Venture investment at this level of sophistication typically involves the
purchase of equity in a company with the general expectation that the value of
the investment will increase over time, as valued by other actors in the
market. However, at this stage there are little to no financial or legal
negative repercussions for a company failing to meet this expectation as long
as they've acted ethically. (I mean, outside of the value of equity going to
zero and having to shut down the company.)

There are forms of investment, or vehicles of financing - venture debt and
specific types of convertible notes - that have the expectation of repayment
given a timeframe, but they're not typically what we're talking about when we
talk about modern venture investment and straightforward equity transactions
(like a Series A here).

In fact, YC explicitly _invented_ the SAFE (Simple Agreement for Future
Equity) as a way to prevent "bad actor" investors from asking for returns from
convertible notes ("repayment") and sinking companies early. The unwritten
rule in venture investing in SV was literally, "don't ask for your money
back," some Angels were screwing companies over by doing exactly that, so the
SAFE codified protection against it into a low-friction investment vehicle.

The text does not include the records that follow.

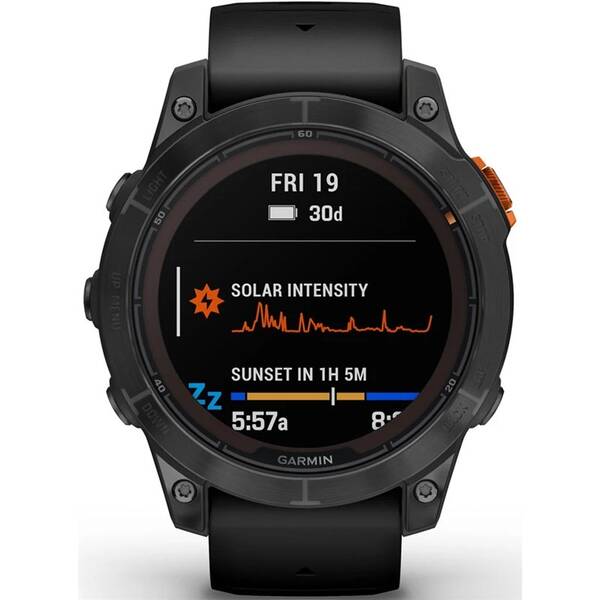 Chytré hodinky Garmin fenix 7 Pro Glass Solar - Gray / Black Silicone Band 

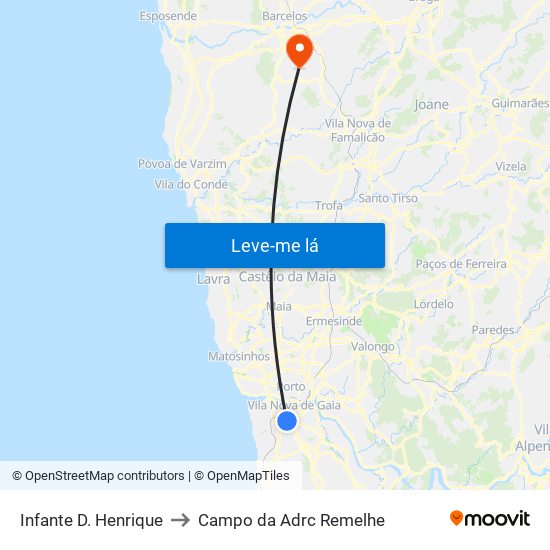 Infante D. Henrique to Campo da Adrc Remelhe map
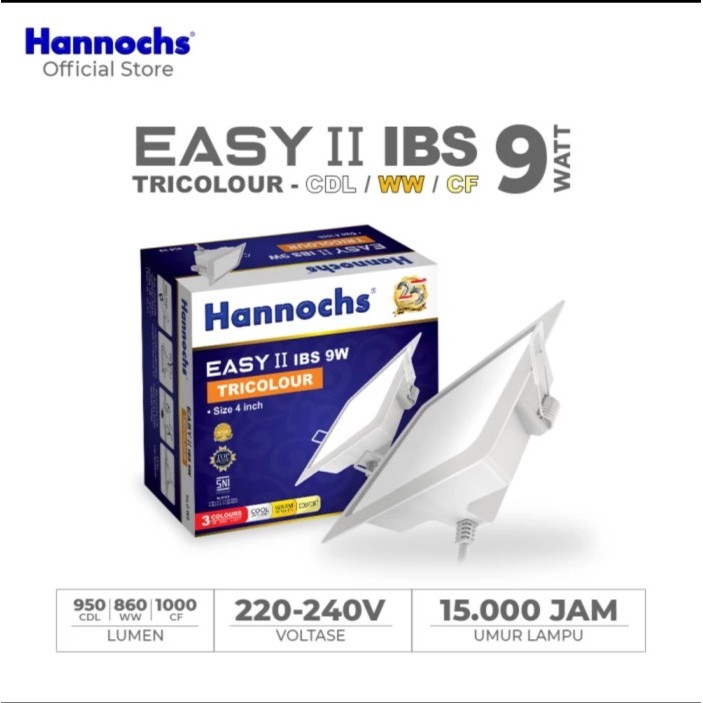 Hannochs Easy 9w IBS TRC / Lampu Downlight Led 4 Inch Segi 3 Warna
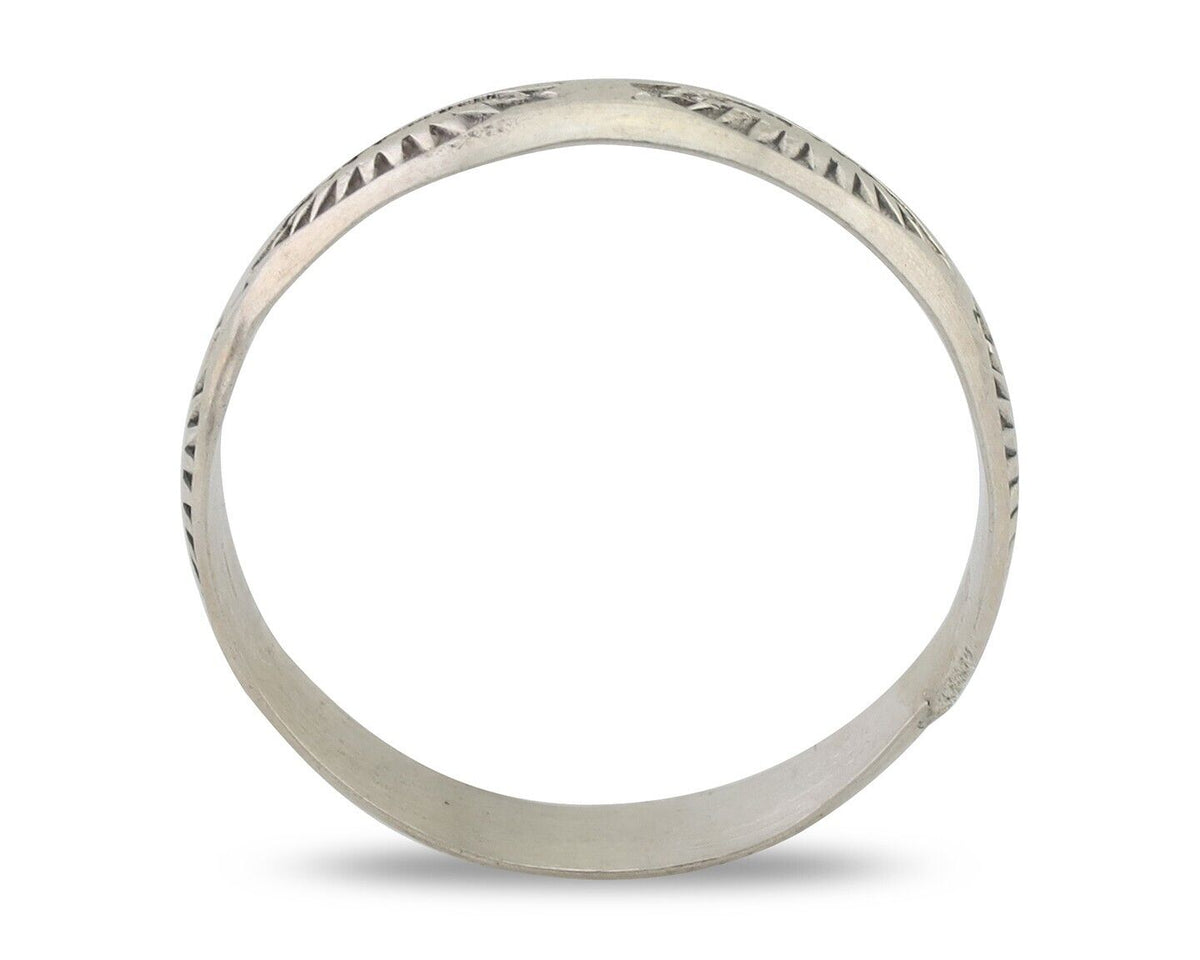 Navajo Hand Stamped Band 925 Silver 5.0 mm Signed Larry Chavez Size 11 C.80's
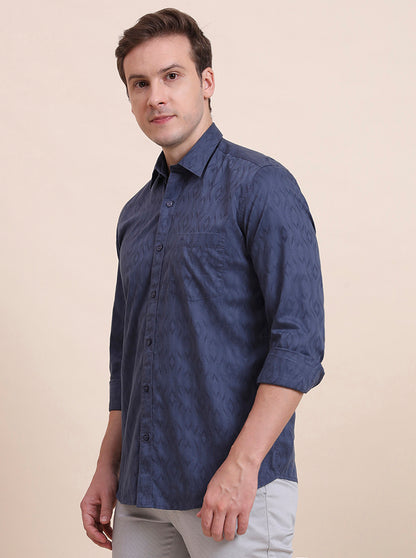 Blue Printed Tailored Fit Semi Casual Shirt | JadeBlue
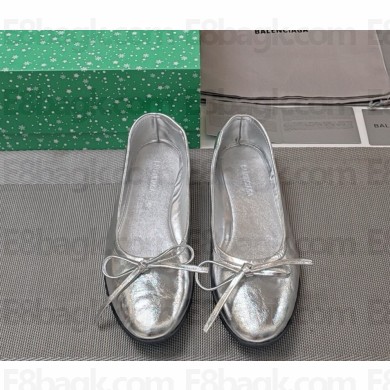Balenciaga leather Ballet flats with bow silver 2025 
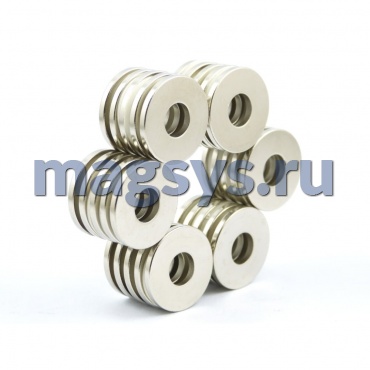 Магнит неодимовый кольцо 30х8.1x3.5 мм N33S никель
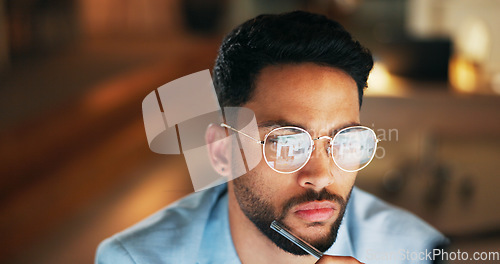 Image of Night, reflection and glasses of businessman at computer for digital, software and web design programming. Strategy, designer and coding with employee in office and overtime for cybersecurity network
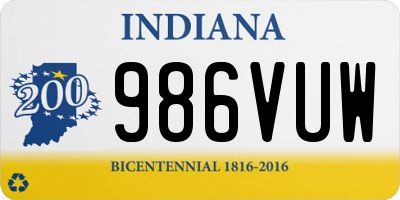 IN license plate 986VUW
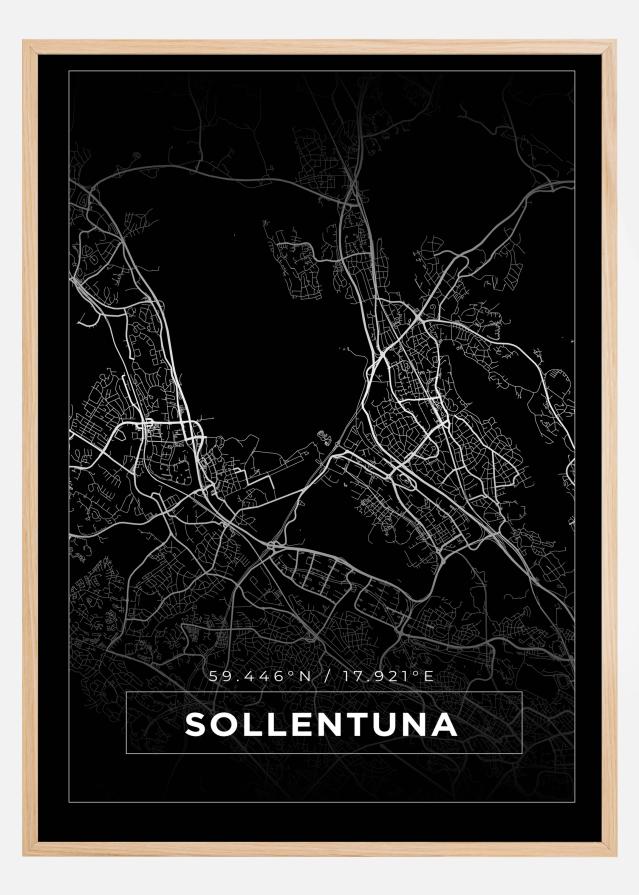 Mapa - Sollentuna - Cartaz Preto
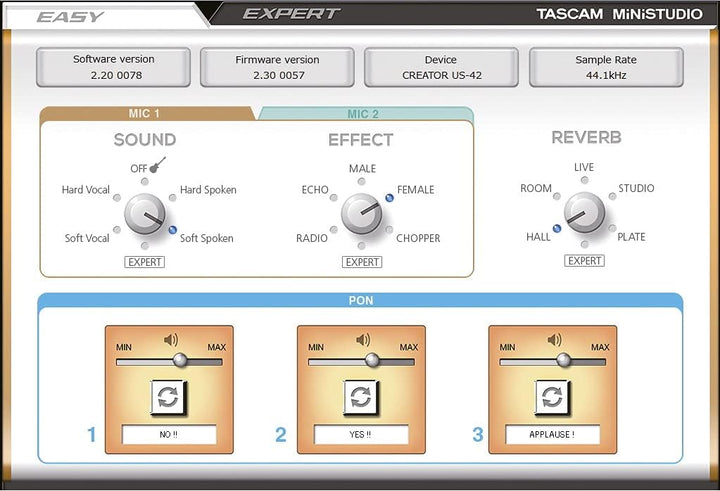 Tascam MiNiSTUDIO Creator US-42B – USB-Audio-Interface für Streaming, Podcasting, Personal Broadcast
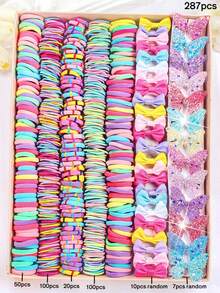 255pcs/Set Colorful Hair Scrunchies & Flower Hair Ties Combo, Includes Basic Hair Ties In Various Colors And Floral Patterned Hair Ties - Suitable For Girls And Women, Perfect For Ponytails, Parties, And Adorable Hairstyles, Great Gift Choice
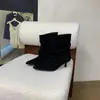 Botines de Tobillo de Tacón Alto de Gamuza Estilo Coreano 2026 Nuevos de Moda Punta Fina Tacón de Aguja Botas Apiladas Plisadas Moda Retro Botas Adelgazantes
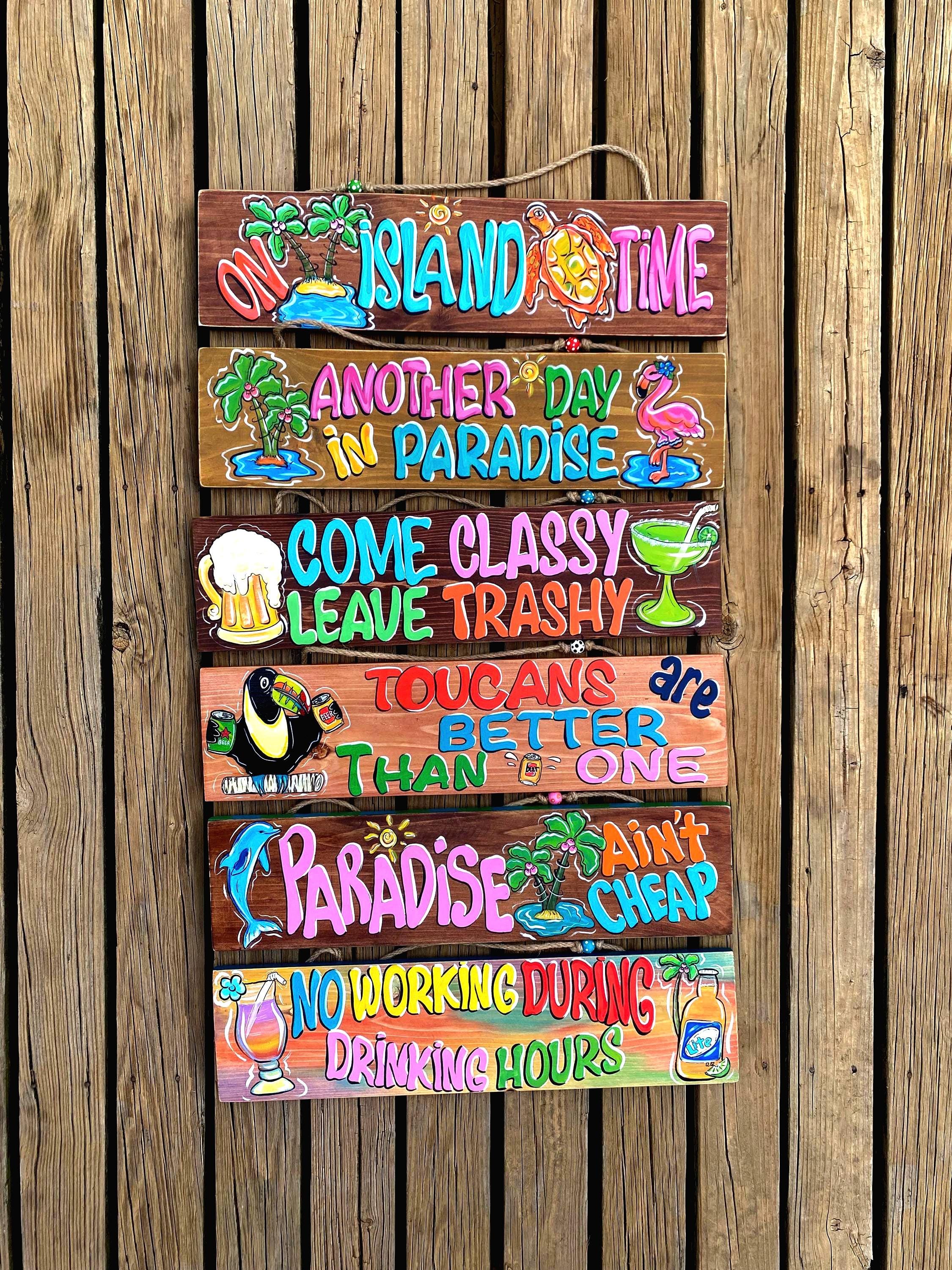 Outdoor Color Signs Vibrant Colorful Patio Signs, Original Painting on Solid Wood Plank ...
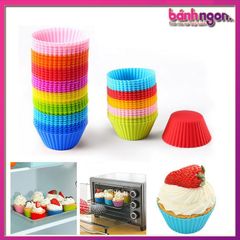 Combo 10 khuôn silicon cupcake muffin thạch mousse socola tròn 7cm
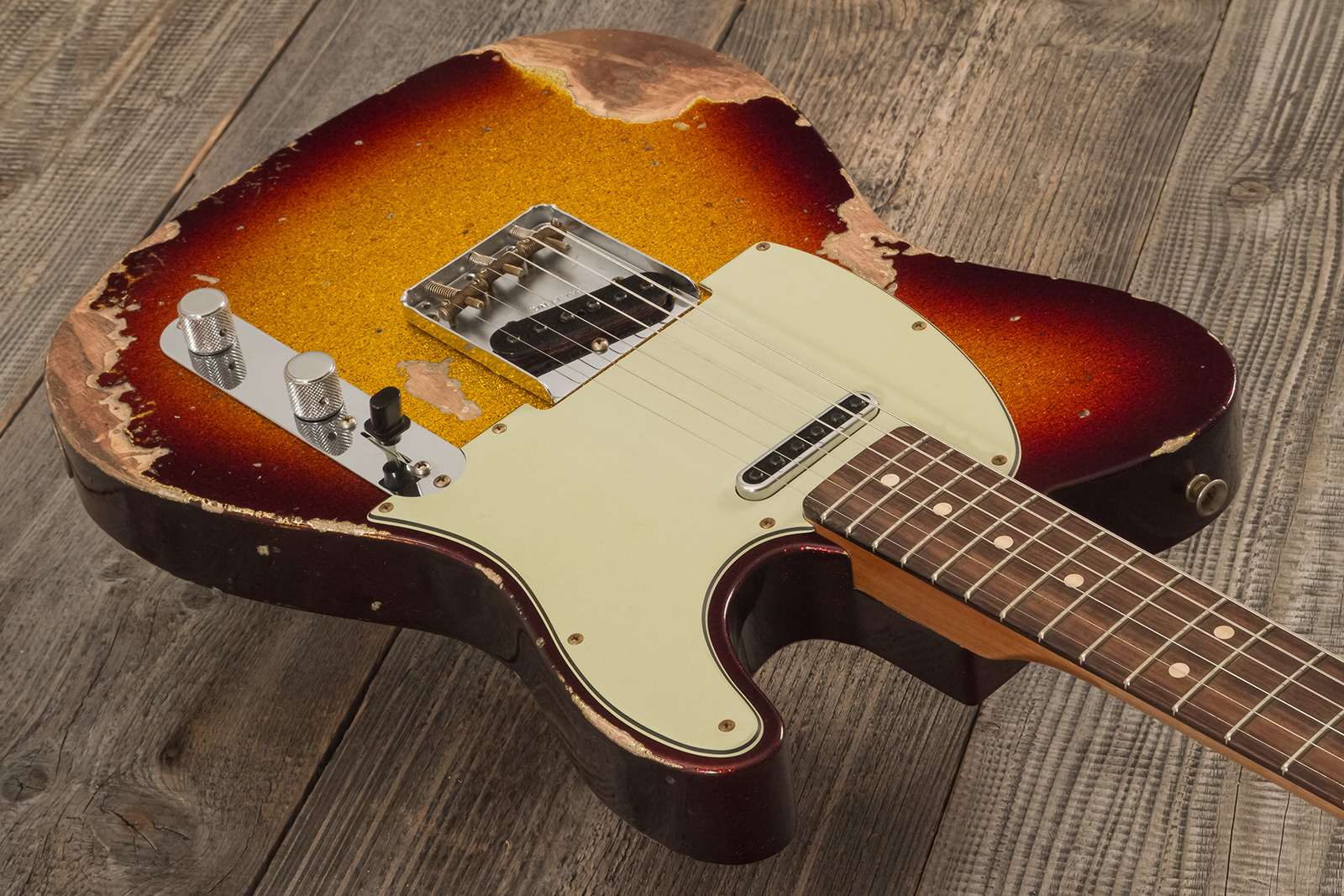 Fender Custom Shop Tele 1963 2s Ht Rw #r141275 - Heavy Relic Sparkle 3-color Sunburst - Guitarra eléctrica con forma de tel - Variation 4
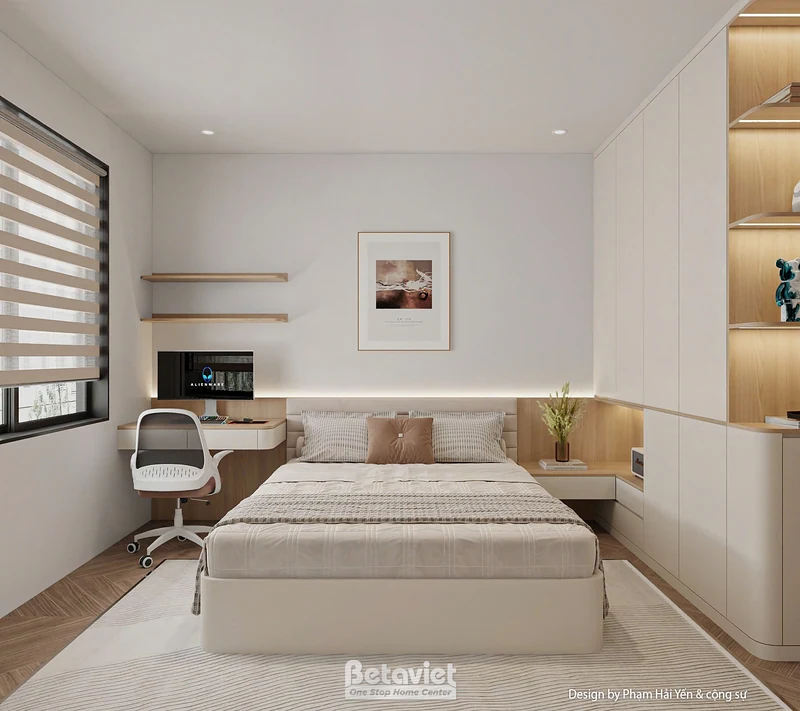 Phòng ngủ master chung cư hiện đại Imperia Garden 105m²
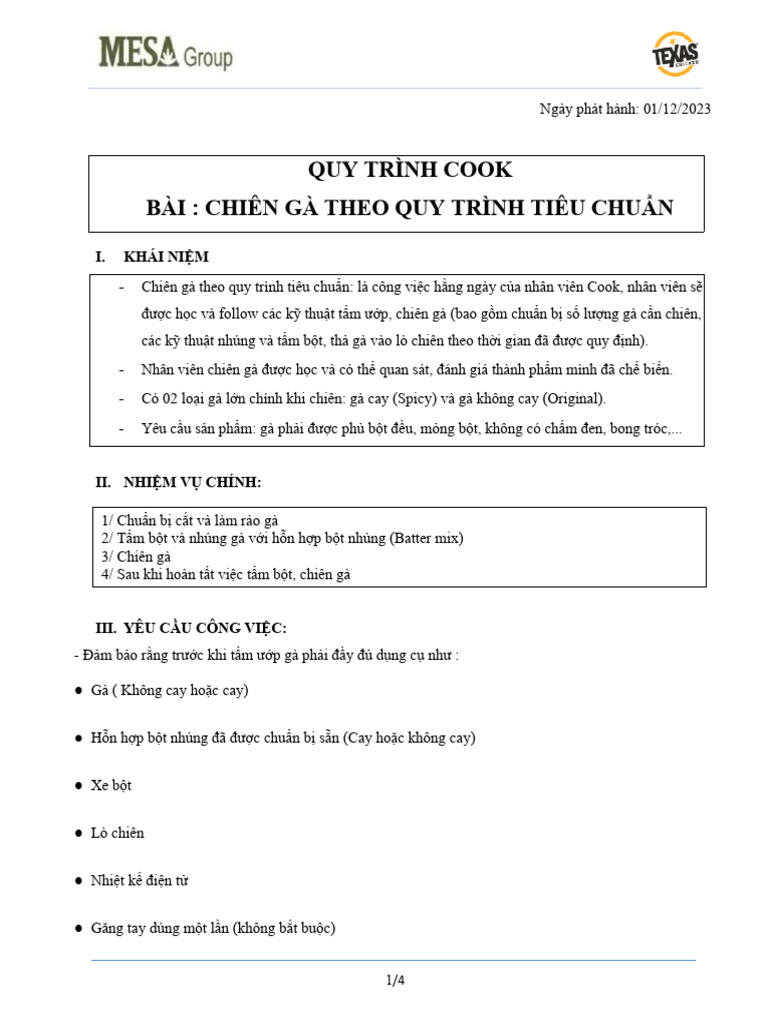 13.Tc - Cook - Quy Trình Cooking Chicken Update 03. 2024 | PDF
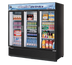 Thumbnail image #1 for Turbo Air TGM-72RS(B)-N 3-Section Bottom Mount Self-Contained Glass Door Refrigerated Merchandiser, 67.98 Cu. Ft.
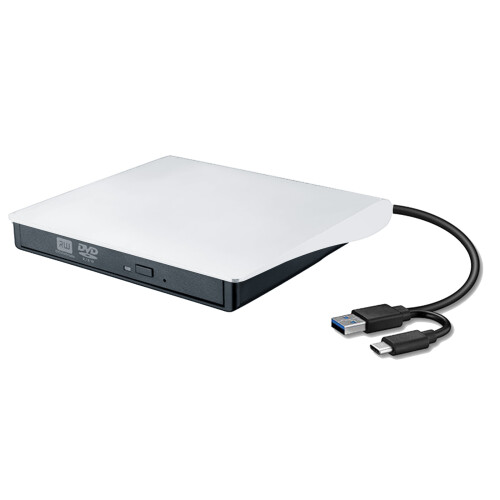 Optical Drive with USB3.0 and Type C, External DVD Writer-White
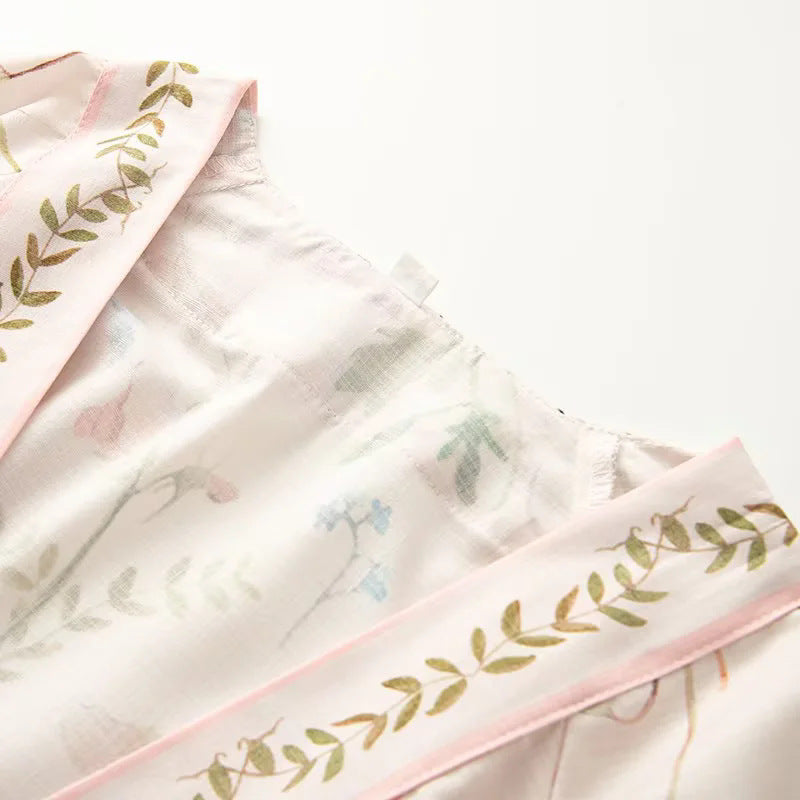 Damen Kimono-Robe mit floralem Muster und Taillengürtel Drune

tl;dr: Investment is not constraint-free, but there is certainly not an
expectation of "repayment." It might seem a little semantic (versus, say,
"generating returns") but it's important people understand the difference
between equity transactions and debt - the constraints exist but they differ
and, as such, incentivize behavior, growth and spend differently as well.

------
twodave
How is this AI? It looks like they're just building interfaces and then
outsourcing implementations of them. I'm not saying it's not a smart strategy,
but what makes it AI?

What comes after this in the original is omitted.